Wal-Mart quite possibly is my favorite all-time store and it was the setting for two of my most memorable middle school stories.
The first story began with me scurrying into the Wal-Mart electronics section to play video games on an after-school visit to the shopping super center. This was a usual occurrence in my family as I would spend 20-30 minutes chilling there until my mom would finish her shopping and come get me. However, this day would be anything but usual…
Something happened to me that I had never experienced before nor experienced since. That afternoon, standing in the middle of Wal-Mart, with no forewarning whatsoever, I lost complete control of my bladder. Yes! I, a 14 year old boy, peed in my pants (and we’re not talking just a little bit…).
I was utterly ashamed at my inadequate ability to control myself and attempted to hide in the corner of the electronics section. I shuddered at the thought of my mom or others seeing me, but I knew I had no other choice but to call out to her for help. Luckily, my mom came to my rescue and led me out of the store as I walked tightly behind her.
I thought this was the worst possible shame I could ever experience, but soon I would find out that this was not the case.
The second story happened only a few short months later back in the very same Wal-Mart. This time I found myself standing in front of my second favorite section in the store – the baseball card aisle. I grew up absolutely loving collecting baseball cards, and I can still readily remember the joys of receiving packs of cards for my birthdays.
However, these satisfactions were not enough for me…
For a short period of time, I followed after the desires of the flesh and began stealing packs of baseball cards, pens, and small toys from shopping centers. After watching several boys from school show off their newest additions, I was sucked in to this new thrill.
This short-lived thrill lasted for about two or three weeks when my mom saw through my deception and caught me red-handed in my room one afternoon after a trip to Wal-Mart with several packs of cards that she did not buy for me.
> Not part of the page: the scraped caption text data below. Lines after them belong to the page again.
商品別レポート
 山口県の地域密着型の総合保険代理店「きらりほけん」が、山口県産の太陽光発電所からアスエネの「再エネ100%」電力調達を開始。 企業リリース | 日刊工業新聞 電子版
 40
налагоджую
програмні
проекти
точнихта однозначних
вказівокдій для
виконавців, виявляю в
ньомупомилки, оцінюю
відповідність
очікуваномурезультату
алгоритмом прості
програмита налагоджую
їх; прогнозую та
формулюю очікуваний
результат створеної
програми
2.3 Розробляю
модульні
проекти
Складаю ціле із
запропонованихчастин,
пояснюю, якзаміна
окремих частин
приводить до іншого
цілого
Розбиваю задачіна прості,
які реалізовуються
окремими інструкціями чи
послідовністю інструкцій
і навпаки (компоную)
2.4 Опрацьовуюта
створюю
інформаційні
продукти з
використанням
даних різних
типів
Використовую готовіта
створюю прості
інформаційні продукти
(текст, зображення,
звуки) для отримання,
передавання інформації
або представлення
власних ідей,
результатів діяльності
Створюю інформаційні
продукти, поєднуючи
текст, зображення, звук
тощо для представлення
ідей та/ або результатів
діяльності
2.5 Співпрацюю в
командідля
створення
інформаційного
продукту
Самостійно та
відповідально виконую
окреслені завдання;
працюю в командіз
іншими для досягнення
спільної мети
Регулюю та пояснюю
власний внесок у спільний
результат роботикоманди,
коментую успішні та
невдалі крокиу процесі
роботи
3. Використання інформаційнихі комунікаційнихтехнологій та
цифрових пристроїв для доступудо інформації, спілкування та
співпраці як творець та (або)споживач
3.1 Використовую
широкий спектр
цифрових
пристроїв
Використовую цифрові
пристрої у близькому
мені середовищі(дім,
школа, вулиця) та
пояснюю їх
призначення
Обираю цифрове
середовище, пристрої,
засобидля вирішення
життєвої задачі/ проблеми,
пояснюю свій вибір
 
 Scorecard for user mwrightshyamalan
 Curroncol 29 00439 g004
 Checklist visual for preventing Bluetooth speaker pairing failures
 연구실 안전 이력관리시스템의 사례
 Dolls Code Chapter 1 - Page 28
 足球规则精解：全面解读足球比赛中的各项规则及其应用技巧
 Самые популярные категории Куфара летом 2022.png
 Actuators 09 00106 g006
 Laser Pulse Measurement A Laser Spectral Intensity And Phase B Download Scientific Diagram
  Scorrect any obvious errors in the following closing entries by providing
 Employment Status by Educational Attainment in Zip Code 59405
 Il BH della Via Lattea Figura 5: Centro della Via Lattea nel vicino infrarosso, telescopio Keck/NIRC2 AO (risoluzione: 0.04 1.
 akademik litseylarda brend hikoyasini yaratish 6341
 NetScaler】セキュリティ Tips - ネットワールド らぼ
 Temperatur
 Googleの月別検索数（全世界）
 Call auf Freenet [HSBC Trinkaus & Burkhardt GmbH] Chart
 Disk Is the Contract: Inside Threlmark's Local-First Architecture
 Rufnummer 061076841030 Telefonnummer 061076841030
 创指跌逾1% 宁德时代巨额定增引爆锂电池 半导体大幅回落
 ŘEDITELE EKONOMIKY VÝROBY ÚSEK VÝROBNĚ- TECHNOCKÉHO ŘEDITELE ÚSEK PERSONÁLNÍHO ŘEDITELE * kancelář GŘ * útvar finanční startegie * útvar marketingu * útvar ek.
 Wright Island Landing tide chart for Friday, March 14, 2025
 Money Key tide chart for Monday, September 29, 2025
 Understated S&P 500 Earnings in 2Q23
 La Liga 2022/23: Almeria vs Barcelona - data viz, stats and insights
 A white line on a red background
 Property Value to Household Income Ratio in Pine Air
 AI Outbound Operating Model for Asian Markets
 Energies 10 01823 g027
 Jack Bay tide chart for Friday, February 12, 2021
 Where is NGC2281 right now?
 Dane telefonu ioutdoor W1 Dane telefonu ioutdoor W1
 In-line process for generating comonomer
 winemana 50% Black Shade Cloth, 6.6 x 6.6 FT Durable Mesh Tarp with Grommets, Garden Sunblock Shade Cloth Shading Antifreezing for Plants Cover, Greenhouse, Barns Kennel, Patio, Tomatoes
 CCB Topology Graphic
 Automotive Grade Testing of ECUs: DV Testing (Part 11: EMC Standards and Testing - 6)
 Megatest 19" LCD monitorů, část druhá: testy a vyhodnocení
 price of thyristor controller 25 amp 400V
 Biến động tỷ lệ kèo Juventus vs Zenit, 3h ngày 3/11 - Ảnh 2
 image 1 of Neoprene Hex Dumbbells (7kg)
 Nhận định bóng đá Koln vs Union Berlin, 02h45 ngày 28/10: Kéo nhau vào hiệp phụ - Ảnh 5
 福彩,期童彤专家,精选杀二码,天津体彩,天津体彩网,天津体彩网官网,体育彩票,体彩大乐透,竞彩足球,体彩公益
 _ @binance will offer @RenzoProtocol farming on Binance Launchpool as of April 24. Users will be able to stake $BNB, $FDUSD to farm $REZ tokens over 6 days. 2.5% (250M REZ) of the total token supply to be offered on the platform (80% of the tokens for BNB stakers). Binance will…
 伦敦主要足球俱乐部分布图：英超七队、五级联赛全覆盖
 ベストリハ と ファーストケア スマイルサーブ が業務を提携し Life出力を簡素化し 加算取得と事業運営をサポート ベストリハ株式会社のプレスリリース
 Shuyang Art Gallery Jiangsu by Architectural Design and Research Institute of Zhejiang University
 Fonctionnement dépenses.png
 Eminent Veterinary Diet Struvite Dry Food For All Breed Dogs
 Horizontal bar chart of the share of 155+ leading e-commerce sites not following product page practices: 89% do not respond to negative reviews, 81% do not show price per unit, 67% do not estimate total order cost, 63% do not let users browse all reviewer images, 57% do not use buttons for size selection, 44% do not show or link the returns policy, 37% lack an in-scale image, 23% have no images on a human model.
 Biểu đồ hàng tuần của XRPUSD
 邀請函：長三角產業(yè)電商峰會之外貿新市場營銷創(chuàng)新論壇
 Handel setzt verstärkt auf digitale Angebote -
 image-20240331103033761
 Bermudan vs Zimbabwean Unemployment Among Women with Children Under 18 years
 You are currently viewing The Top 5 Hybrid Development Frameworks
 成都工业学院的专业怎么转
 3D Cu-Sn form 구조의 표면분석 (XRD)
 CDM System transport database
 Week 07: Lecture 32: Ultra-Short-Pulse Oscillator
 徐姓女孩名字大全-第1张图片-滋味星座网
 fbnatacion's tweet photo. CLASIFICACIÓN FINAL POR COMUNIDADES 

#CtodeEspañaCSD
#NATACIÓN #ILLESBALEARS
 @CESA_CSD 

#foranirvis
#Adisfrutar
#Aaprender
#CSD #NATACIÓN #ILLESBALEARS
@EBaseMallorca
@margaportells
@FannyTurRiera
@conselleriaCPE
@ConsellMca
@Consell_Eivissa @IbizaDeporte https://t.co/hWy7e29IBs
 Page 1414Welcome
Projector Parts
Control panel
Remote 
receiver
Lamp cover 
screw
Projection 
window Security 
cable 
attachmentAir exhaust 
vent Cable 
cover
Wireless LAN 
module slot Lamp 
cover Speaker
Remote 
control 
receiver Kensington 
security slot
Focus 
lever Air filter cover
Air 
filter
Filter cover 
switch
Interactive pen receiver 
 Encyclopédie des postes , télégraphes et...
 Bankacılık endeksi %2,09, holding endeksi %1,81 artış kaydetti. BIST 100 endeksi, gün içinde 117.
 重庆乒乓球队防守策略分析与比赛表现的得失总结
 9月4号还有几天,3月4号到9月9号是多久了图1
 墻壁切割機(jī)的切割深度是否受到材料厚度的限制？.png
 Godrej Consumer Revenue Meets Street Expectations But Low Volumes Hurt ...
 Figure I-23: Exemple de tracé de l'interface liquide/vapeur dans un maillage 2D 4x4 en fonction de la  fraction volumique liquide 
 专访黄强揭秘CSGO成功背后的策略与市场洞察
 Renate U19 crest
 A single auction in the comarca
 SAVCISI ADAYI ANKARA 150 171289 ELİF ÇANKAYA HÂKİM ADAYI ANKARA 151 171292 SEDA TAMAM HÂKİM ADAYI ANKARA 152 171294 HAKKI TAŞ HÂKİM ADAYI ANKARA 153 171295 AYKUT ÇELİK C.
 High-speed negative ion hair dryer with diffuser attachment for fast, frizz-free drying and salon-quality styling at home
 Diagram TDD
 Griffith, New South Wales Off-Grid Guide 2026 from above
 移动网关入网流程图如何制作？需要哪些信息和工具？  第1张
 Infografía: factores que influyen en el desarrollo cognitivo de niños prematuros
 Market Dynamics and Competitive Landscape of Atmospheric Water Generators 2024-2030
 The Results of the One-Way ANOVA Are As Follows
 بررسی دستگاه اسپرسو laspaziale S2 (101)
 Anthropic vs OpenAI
I don’t know if I’ve ever experienced a more shameful moment in my life. I was found out! I was a thief. I was a deceiver. I was a liar.
My mom immediately drove me back to Wal-Mart, made me pay for all of the cards (as well as give them all back), and made me apologize to the store manager. I can still remember the shame of that tearful apology as I had to explain what I had done. Much like my experience of shame for my inadequacy, I felt this time the shame of being fully exposed as a law-breaker.
By now (if you’re still reading and haven’t decided to click on to the next post…) you’re probably wondering how any of this has to do with Paul or Romans or the gospel!
Well, in Romans 1:16-17, Paul poignantly discusses the relationship between shame and the gospel: “For I am not ashamed of the gospel, for it is the power of God for salvation to everyone who believes, to the Jew first and also to the Greek. For in it the righteousness of God is revealed from faith to faith; as it is written, “‘But the righteous man shall live by faith.’”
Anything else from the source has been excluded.